● **WORK REQUIRED**
Quote from the first line below through the line that contains "Image No.35-5 Bed Country House for sale", both included, and leave the pictures out.

### SOURCE MATERIAL

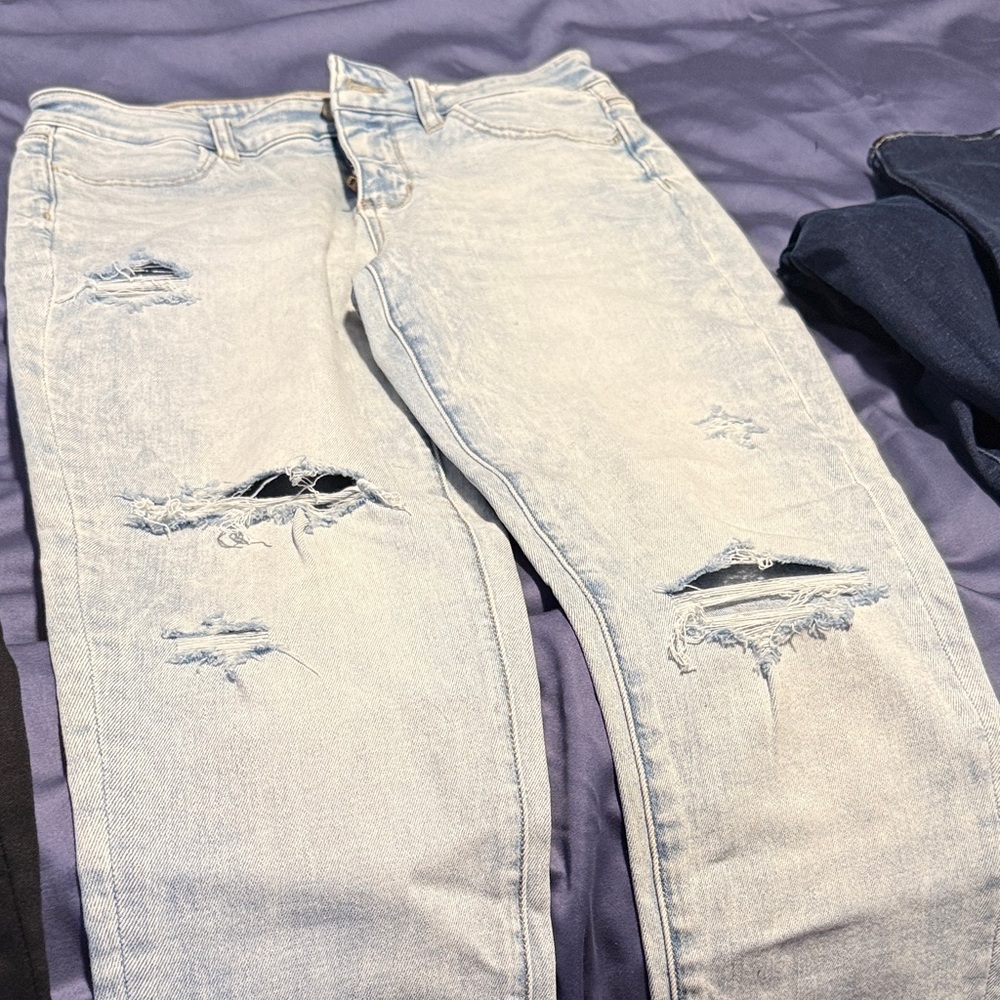 American Eagle Outfitters Light Wash high rise leggings - Light Blue distressed - Picture 3 of 4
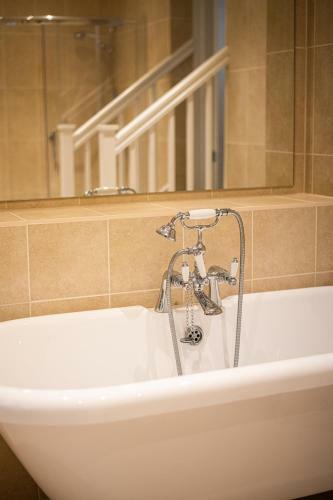 Kingswood & Devoran Hotel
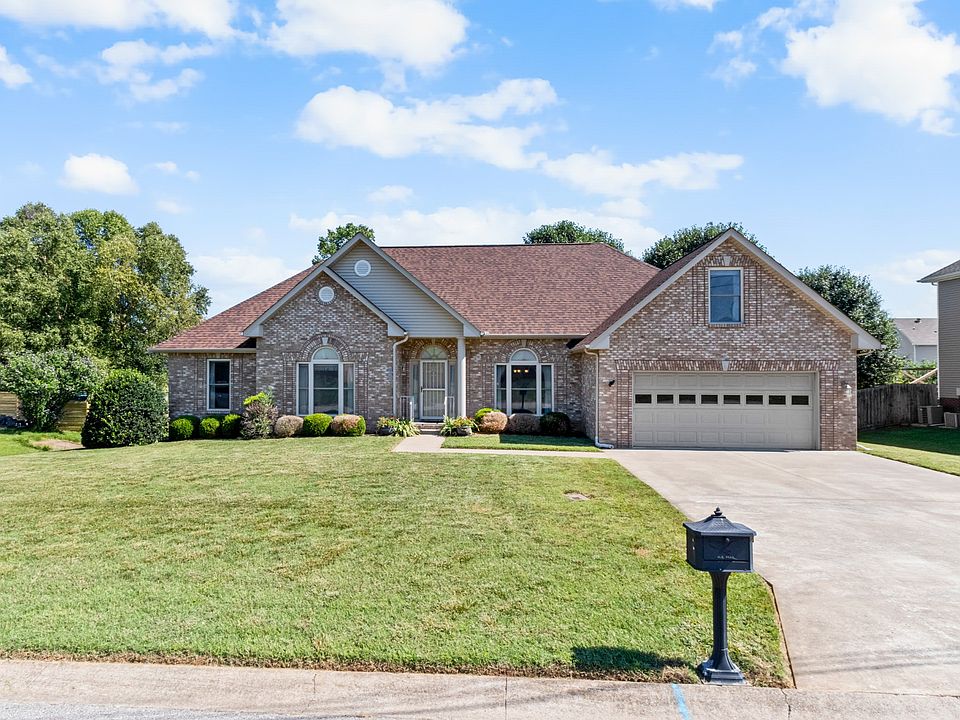 1005 Trevor Dr, Clarksville, TN 37043 Zillow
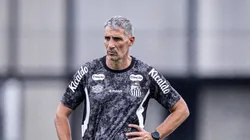 Vojvoda durante treino no CT Rei Pelé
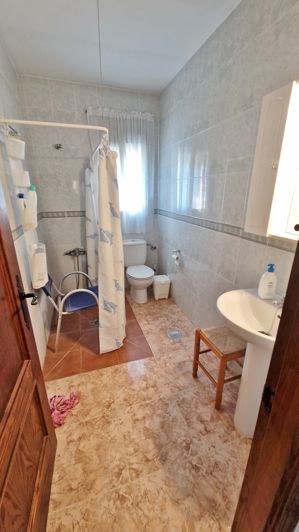 Image No.35-5 Bed Country House for sale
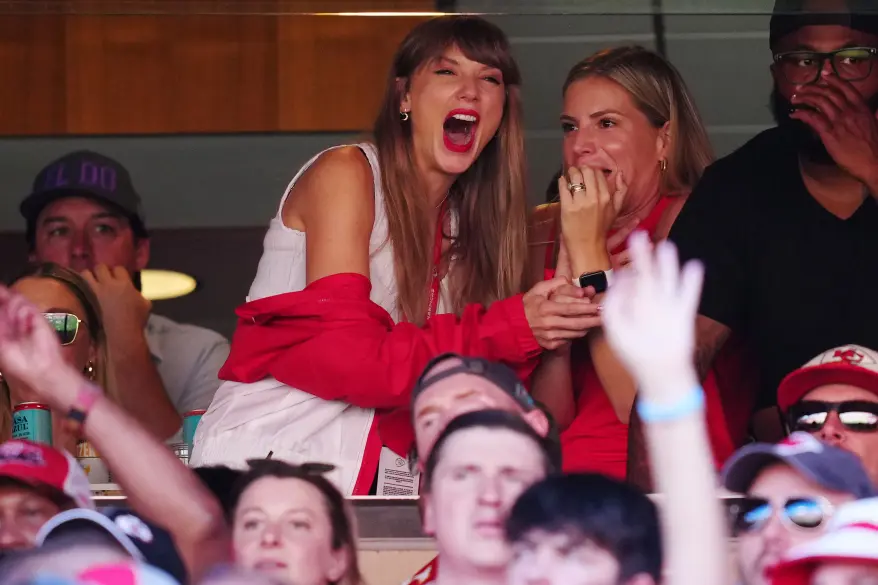 Taylor Swift attends Travis Kelce’s Kansas City Chiefs game with his mom amid dating rumors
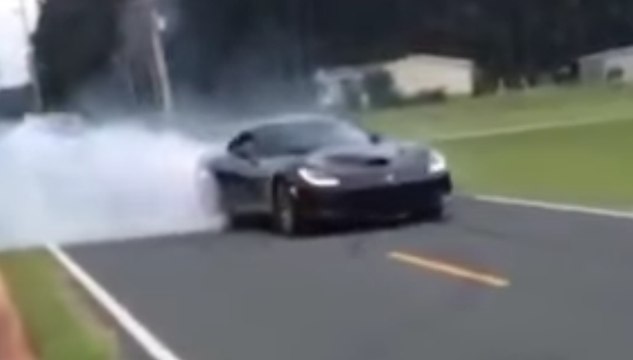 VÍDEO: así se cambia de sentido... Si quieres ir a comisaría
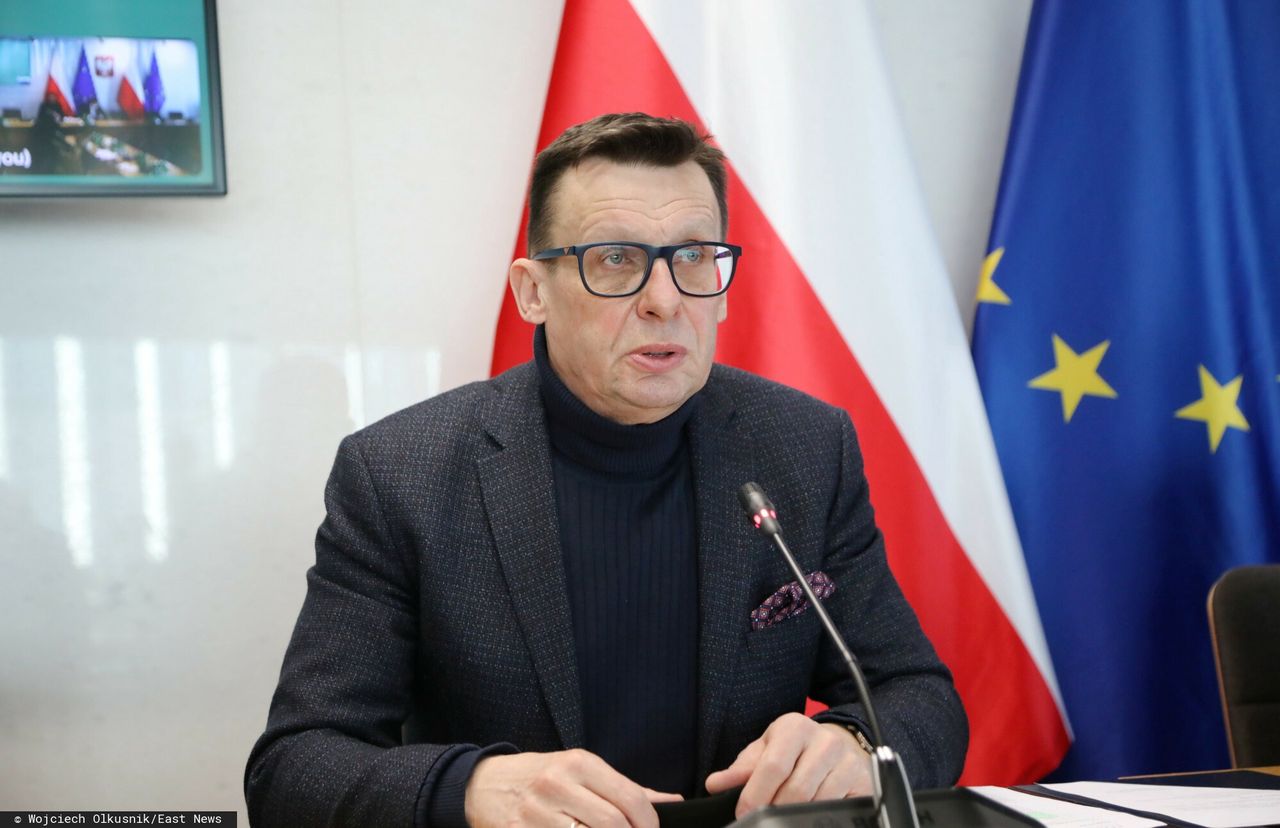 - Sejmowe prace nad zmianami dotyczącymi Izby Dyscyplinarnej SN rozpoczną się najpewniej w przyszłym tygodniu - twierdzi poseł PiS Marek Ast, szef komisji sprawiedliwości. Polityk dodał, że wiodący jest projekt prezydenta, a propozycja Solidarnej Polski zostanie potraktowana "odrębnie".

######

● **PROBLEM SOLUTION**
 American Eagle Outfitters Light Wash high rise leggings - Light Blue distressed - Picture 3 of 4
 Kingswood & Devoran Hotel
 1005 Trevor Dr, Clarksville, TN 37043 Zillow
 Vojvoda durante treino no CT Rei Pelé
 Image No.35-5 Bed Country House for sale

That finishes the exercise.